Dying to protect an innocent life is a good thing, but not when you have to take your own life in order to make that sacrifice. Countless saints, such as Saint Maximilian Kolbe, offered up their lives in place of others. In St. Maximilian’s case at the Nazi death camp Auschwitz, he did not offer up his life in an act of suicide, but rather, his intention was to save the life of his fellow prisoner by taking the man’s place in the starvation chamber.
St. Maximilian’s sacrifice was a gift of life. He then used the opportunity to uplift the other men in the starvation bunker and to comfort them as best he could in their final moments. St. Maximilian’s sacrifice helped prepare him and those with him for the gift of eternal life. He placed his life in God’s hands, and even though he was in the starvation chamber for many days, the Nazis put him to death by lethal injection because he was the last of his comrades alive in the bunker.
“But isn’t this series about how killing children is wrong?”
Not really. While this theme comprises a portion of the books, the trilogy is more about the power the state and entertainment industry wield over the masses than it is about how the life of every human being is precious and deserving of protection, no matter the cost. Some may interpret these books as pro-life. As stated earlier, the trilogy as a whole does have some very powerful, life-affirming moments. These moments are just not enough for this series to give overwhelming support for the culture of life over the culture of death.
One of the recurring faults of modern fiction is the need to explore various viewpoints of morality without coming to a solid conclusion on the definition of good and evil. Some bad characters perform generous or self-sacrificing acts, while some of the heroes commit atrocities, leaving the reader to consider for himself what is the meaning of good and evil.

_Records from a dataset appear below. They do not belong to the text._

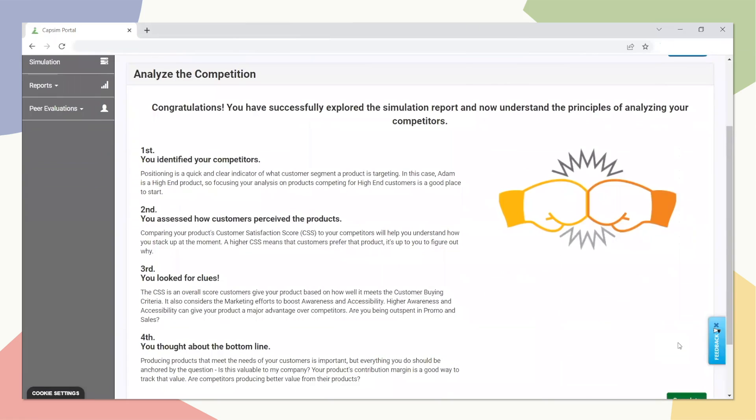At the end of the Analyze the Competition exercise, learners will be familiar with the process that will help them interpret simulation results more effectively.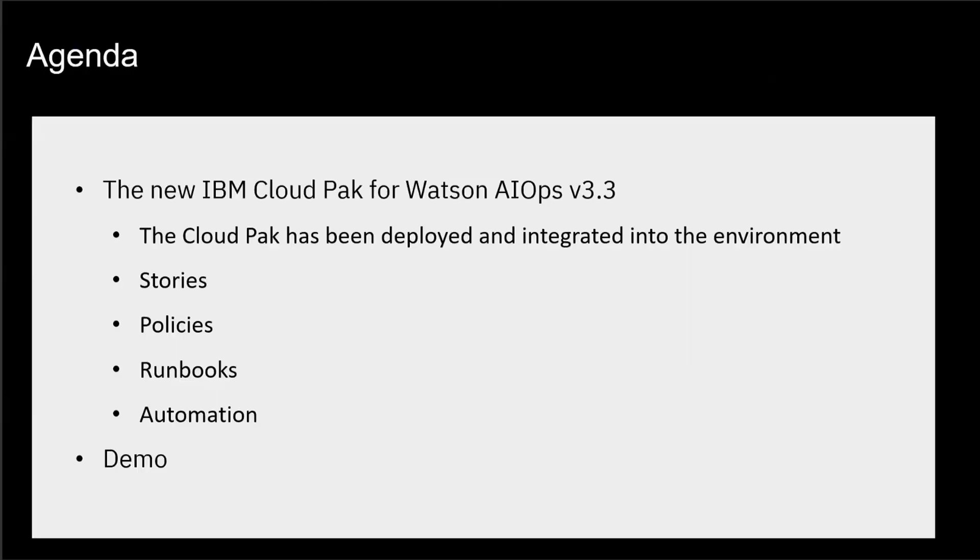What are we going to talk about? The agenda of today, we want to briefly introduce the Cloud Pak for Watson AIOps version 3.3, which has just been released. We are going to highlight what it is in a few sentences. Just think about it, that we have installed the Cloud Pak for Watson AIOps already in your environment. It's deployed and integrated into your local systems. Then we're going to talk about stories, how they occur. We're talking about policies, what's the use case for that. Going a little bit into runbooks, so runbook automation, and then how to actually automate this kind of issue resolution process. And of course, besides PowerPoints, we also have a demo prepared. That's where Arthur is going to take you through.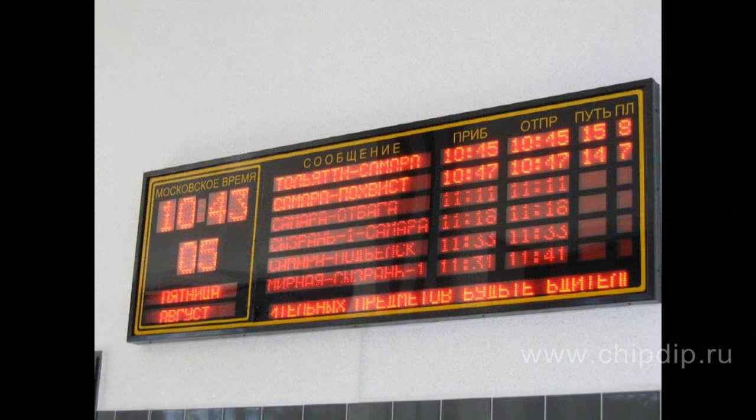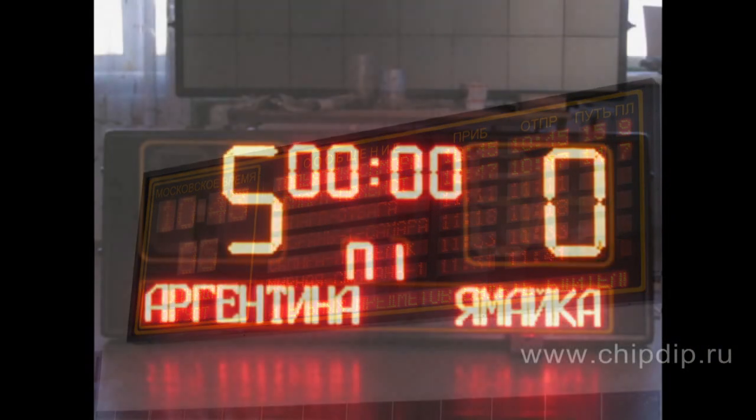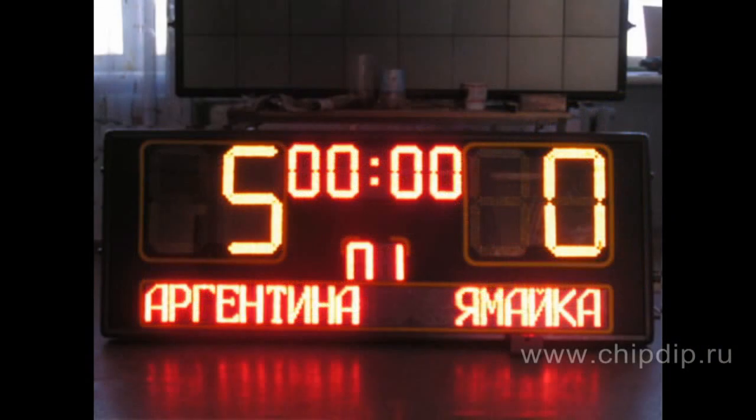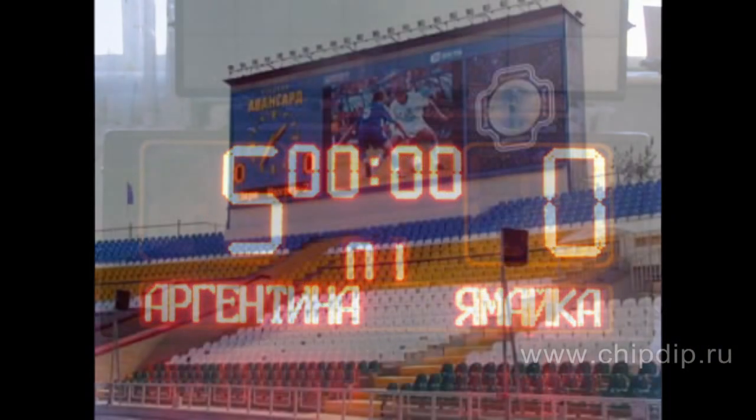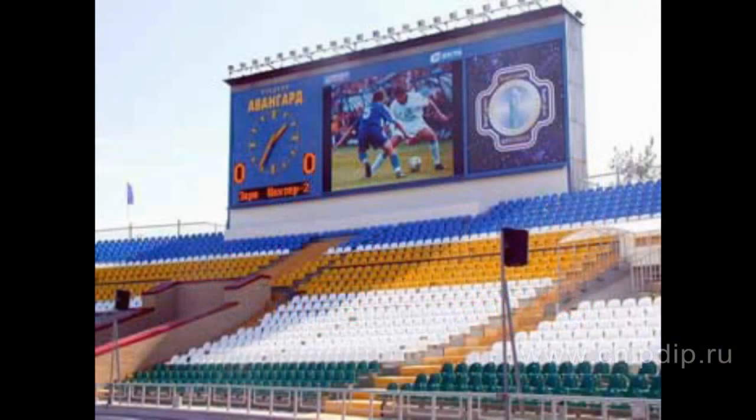Blinking display is an electromagnetic binary matrix character display, used in placards of airports, train stations, stadiums, gas stations and route indicators.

For the well-grounded student, such a book provides excellent discussion material. When discussing The Hunger Games, teachers and parents should ask their students to clarify the moral boundaries of the story in order to come to an understanding of where the heroes fall short. Examine where a story supports the culture of life and where it supports the culture of death. By sharpening the literary lens and by becoming thinkers instead of merely consumers of fiction, students will be able to identify moral inconsistencies for themselves outside of the classroom.
The Hunger Games does understand the value of every human being, but does not go far enough in the lives and actions of the characters to defend life. The trilogy provides a realistic, yet morally ambiguous response to the problem of oppression and death of the innocent. While The Hunger Games trilogy might explore complex issues and reach many pro-life conclusions, the moral ambiguity of the societal rules that govern the main characters does not build a true culture of life, but rather cultivates a source of moral uncertainty for the reader. By taking the middle of the road approach to morality, The Hunger Games trilogy does not implicitly glorify the culture of death, but leaves readers with a hopelessness that the culture of death cannot be completely overcome.